Yeh Khula Aasman, Raghuvir Yadav

★☆☆☆☆

<Review by: Sailesh Ghelani>

Directed by Gitanjali Sinha. Starring Raghuvir Yadav, Yashpal Sharma, Manjusha Godse, Raj Tandon, Anya Anand, Kishor Nadalskar, Nitin Kerur, Aditya Sidhu, Gulshan Pandey.

Thinking Yeh Khula Aasman to be a niche film and seeing that it has won some awards internationally I figured I’d catch this Hindi film. Never again will I make this mistake. 

Don’t be fooled by all those awards wreaths (most are just ‘Selected’) adorning the poster of Yeh Khula Aasman. One of them is from the ‘Haryana Film Festival’!

The story is about Avinash (Raj Tandon) who has been banished to Mumbai to study while his parents played by Yashpal Sharma and Manjusha Godse are busy with their careers in England. The poor boy fails, gets disheartened and decides to go back to his old family house in a village where his loving old grand father Dadu Gulab (Raghubir Yadav) still stays, longing for his family to return to see him. Needless to say dadu is elated upon his grandson’s return and bursts into song soon after.

Avinash’s parents still don’t seem to care, preferring to stay on in England (though very much shot in a tacky home in India) while their son slowly dips into depression. So much so that the filmmaker shows us a vessel of water bubbling over as a metaphor. And then some very TV soap music plays as dadu, in slow motion, runs up the bungalow steps towards his grandson’s room where he finds Avinash… with a bit of a fever. Anti-climax is an understatement.

Avinash is so whiny and irritating that you can’t really empathise with him. And then of course the neighbour uncle’s daughter played by horrible actor Anya Anand falls for him and keeps telling him to fly kites. Because the village has a kite flying competition, which dadu had won eons ago, and his arch nemesis’s son challenges Avinash to a kite duel. Snore…

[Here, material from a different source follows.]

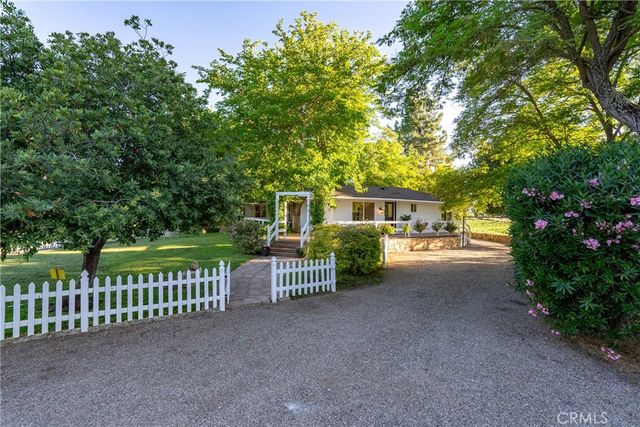 a view of a house with a fence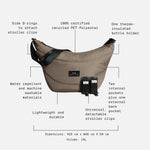 Osma mocha bag with black straps and black stroller clips, shown with callout text and dotted lines explaining features and dimensions on a light gray background.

Only Raghubir Yadav’s performance is noteworthy but he too soon gets corny, throaty and on your nerves. ‘Fly the kite, win the competition,’ they all go. ‘No, I can’t do it, I’m too depressed,’ says Avinash. ‘But dadu may be dying, you have to, for him.’ (*bangs head on front theatre seat*.)

Apart from the long, boring, needless shots of the kite flying competition, this film is poorly produced, poorly acted and poorly directed. Whoever is giving away these awards needs to be shot at once. This film looks like it was made in the 80s (and not in a good way), it is so dated but apparently it was shot just a year ago. Shameful. It is filled with so much faux, cliche philosophical drivel about ‘focussing’ and ‘thinking positive’ that you want to just kill the writer.

Indian critics are talking about how many crocins, disprins (asprins) they need after horrendous films and while the PR people for this film were talking about giving away kites for the movie, I was thinking one of those meds would have been a better idea.

Note: Apparently the makers of Yeh Khula Aasmaan threatened to sue one of the writers of another site who gave the film a bad review. I tweeted about this saying that they would have their hands full of they did that to all the reviewers! Such sore losers, aren’t they? Why have a press show if you can’t take the bad reviews? And just because a film gets ‘awards’ at ‘dubious’ film festivals doesn’t mean it has to be liked by all.

Of course the director Gitanjali Sinha tweeted in response: ‘We have the humility to appreciate honest opinions’… ‘but cant encourage young writers to question the credibility of respected festivals’.